[Scraped caption text data]
▼▼▼
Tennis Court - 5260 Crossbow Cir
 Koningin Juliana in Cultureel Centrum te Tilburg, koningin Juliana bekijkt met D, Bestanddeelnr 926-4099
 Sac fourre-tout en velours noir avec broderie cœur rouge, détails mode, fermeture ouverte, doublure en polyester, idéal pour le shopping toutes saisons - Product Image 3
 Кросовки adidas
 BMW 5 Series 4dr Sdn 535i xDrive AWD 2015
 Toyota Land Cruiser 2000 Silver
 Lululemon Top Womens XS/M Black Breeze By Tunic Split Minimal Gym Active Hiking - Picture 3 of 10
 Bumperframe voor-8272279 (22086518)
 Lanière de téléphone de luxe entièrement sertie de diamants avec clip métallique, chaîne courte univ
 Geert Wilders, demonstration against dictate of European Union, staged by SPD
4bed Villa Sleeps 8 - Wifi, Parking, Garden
▲▲▲
Every record is to be repeated exactly as it stands above.

Tennis Court - 5260 Crossbow Cir
 Koningin Juliana in Cultureel Centrum te Tilburg, koningin Juliana bekijkt met D, Bestanddeelnr 926-4099
 Sac fourre-tout en velours noir avec broderie cœur rouge, détails mode, fermeture ouverte, doublure en polyester, idéal pour le shopping toutes saisons - Product Image 3
 Кросовки adidas
 BMW 5 Series 4dr Sdn 535i xDrive AWD 2015
 Toyota Land Cruiser 2000 Silver
 Lululemon Top Womens XS/M Black Breeze By Tunic Split Minimal Gym Active Hiking - Picture 3 of 10
 Bumperframe voor-8272279 (22086518)
 Lanière de téléphone de luxe entièrement sertie de diamants avec clip métallique, chaîne courte univ
 Geert Wilders, demonstration against dictate of European Union, staged by SPD
4bed Villa Sleeps 8 - Wifi, Parking, Garden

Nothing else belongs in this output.